Секретарь продекламировал и смолк. Озолниек разражается хохотом. Стекла в кабинете секретаря заметно вибрируют, и плафоны на люстре слегка перезвякнули.
- Грандиозно! - гудит он. - Нет, такого я себе действительно не представлял. Ну и ну! - Он еще долго не может успокоиться, по потом овладевает собой и дает слово: - Хорошо, впредь мы эти строчки петь не будем.
- И также не будете устраивать никаких шествий колонистов.
- Это пообещать уже трудней, - Озолняек продолжает улыбаться. Поверьте, вы зря волнуетесь. Лучше почаще шугайте подростков вон из пивных и ил ресторанов. Понаблюдайте, чем они занимаются в общежитиях и по вечерам в парке у вокзала! Колонисты никого не испортят. Выстройте для городских ребят приличный клуб с помещениями для занятий.
- Над этим тоже подумают, товарищ Озолниек, но то, что я вам сказал, все же учтите. Молодежь должна испытывать страх перед вашим учреждением, оно для отбытия наказания.

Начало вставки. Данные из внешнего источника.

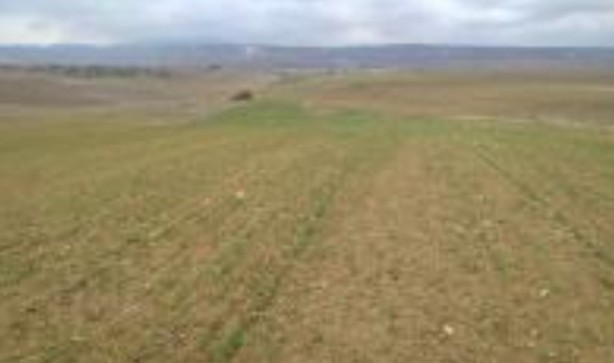 Foto - iPhone fiyatına arsa sahibi olabilirsiniz! Resmen satışa çıktı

- Да, да, конечно. Это та самая горечь, которую я вынужден ежедневно проглатывать. Меня возмущает, что в моих воспитанниках, во всех до одного, окружающие должны видеть лишь распоследних негодяев. Это мои ребята, и я знаю, что среди них много хороших и достойных людей, которые по-настоящему стали на правильный путь. - Озолниек смотрит на часы. - Разрешите мне идти?
- Да, но только серьезно подумайте над нашим разговором!
* * *
Большими прыжками Озолниек догоняет уже тронувшийся автобус, втискивается в дверь и пригибает голову, чтобы не упираться ею в потолок.

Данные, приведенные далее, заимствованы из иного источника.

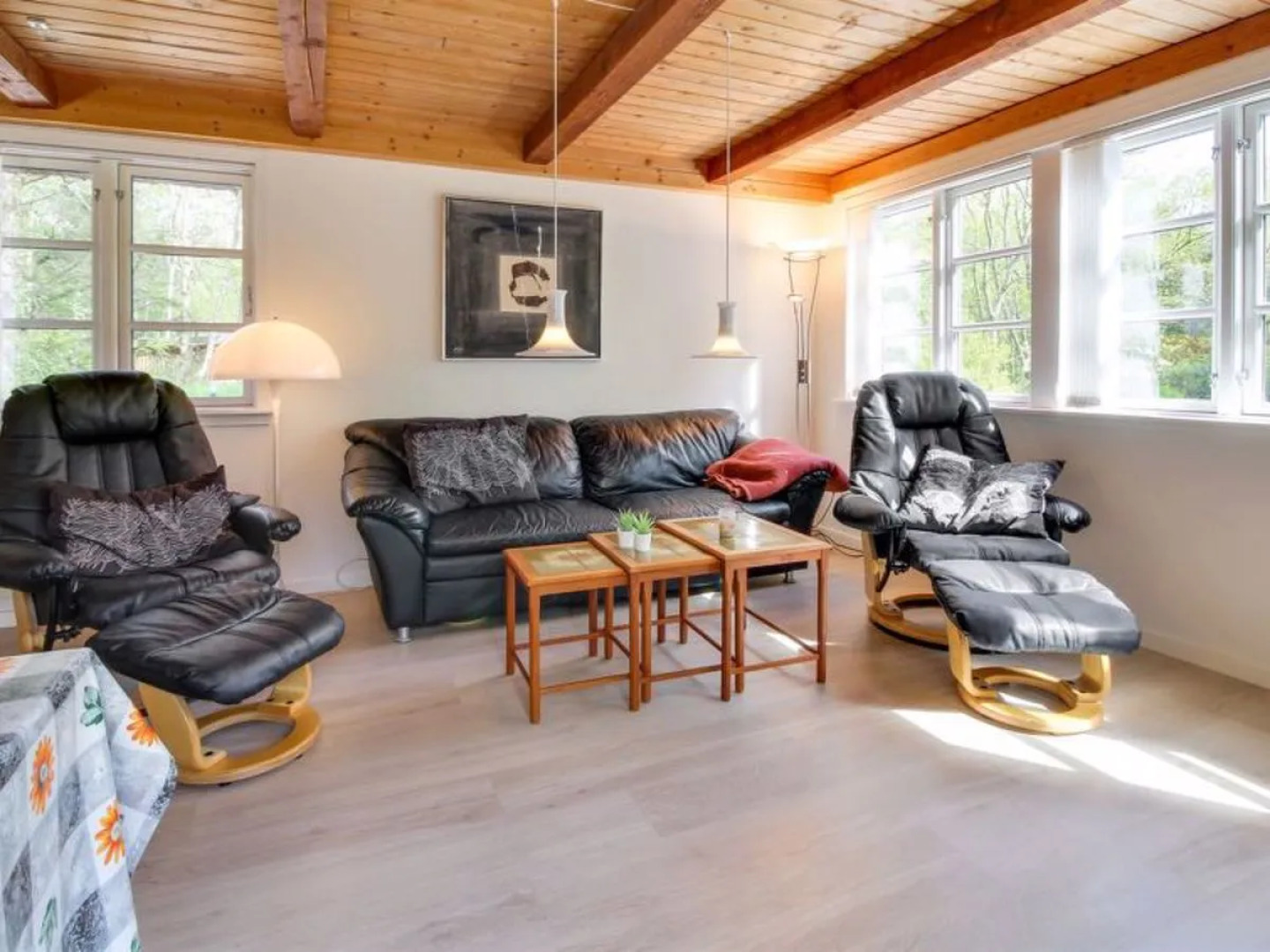 "Penka" - 15km from the sea in Western Jutland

По мере приближения к колонии Озолниек все меньше думает о солидно обставленном кабинете секретаря райкома, о происшедшем в нем разговоре. Озолниек привык к тому, что его не понимают, что против него плетут интриги. Слава богу, у него не остается времени, чтобы вникать в подобные вещи - надо заниматься делом. И когда мыслями завладевает колония с ее проблемами, остальное сразу становится мелким и незначительным.

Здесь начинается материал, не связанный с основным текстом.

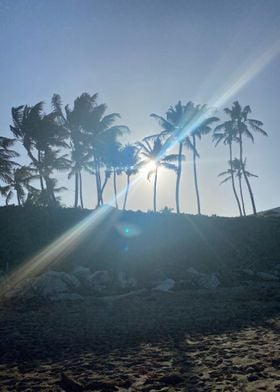 Sand Palm Tropical Beach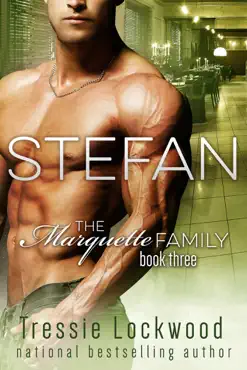 stefan book cover image
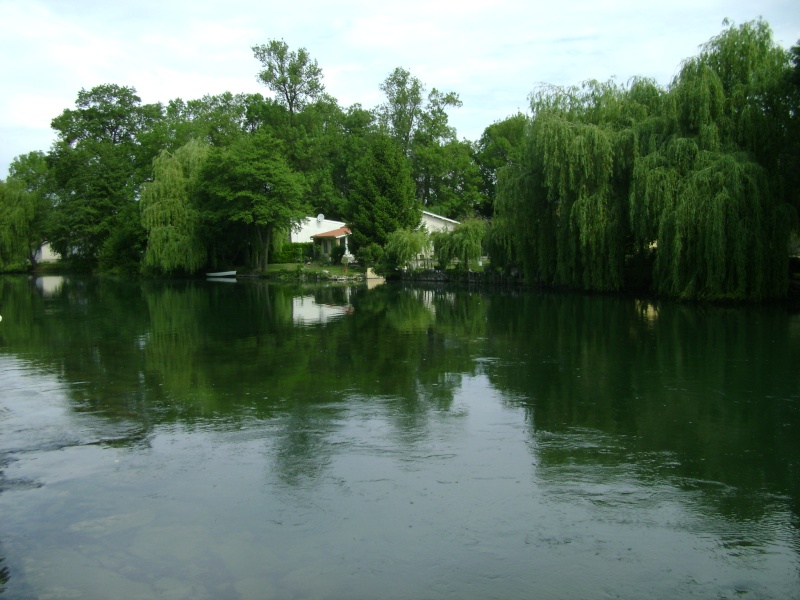 PHOTO balade 1er mai - au bord de la Charente et de ses coteaux - Page 2 Cognac14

Выйдя из автобуса, Озолниек останавливается за ним и закуривает. Что поделать - сразу не бросишь, надо хоть помаленьку снизить дневную норму. Позади медленно вылезают тетки с порожними ягодными корзинами.
- Ентого там еще боятся, - ненароком слышит их разговор Озолниек. Говорят, он по плацу ходит с плеткой и лупит, кому по глазам, кому по башке.
- Не, так не должно. Хулюганов нынче закон бережет. Честного человека еще можно прибить, но ежели ентих стукнуть, сам в каталажку сядешь. Мне уборщица из суда сказывала.
- Я ентих законов не понимаю, только ты послушай, как енти бандиты орут в воскресенье за загородкой. Думаешь, так, по своей воле? Это их колотят. Что надо, то надо. Без битья из таких людей не сделаешь.
Подай-ка мою корзину! А на вид офицер этот приятный из себя. Плетку-то с собой из дому берет или...
Тетки обходят автобус и, заметив, что Озолниек стоит еще тут, сразу замолкают.
- Из дому, из дому, - серьезным тоном продолжает Озолниек и хлопает ладонью по карману кителя. - Только за ворота пройду, сразу и начинаю охаживать.
В проходной начальника уже ожидает Киршкалн.
- Все в порядке. Паспорта у меня, оркестр построен, дело только за тобой.
- Хорошо, приступаем. Я останусь тут.
Озолниек берет новые паспорта освобожденных и мысленно возвращается к только что подслушанному разговору. "Ходит по плацу с плеткой в руках". Нет, надо будет рассказать своим. Хотя за иронией кроется горькая горечь. Про колонию в народе ходят самые невероятные слухи.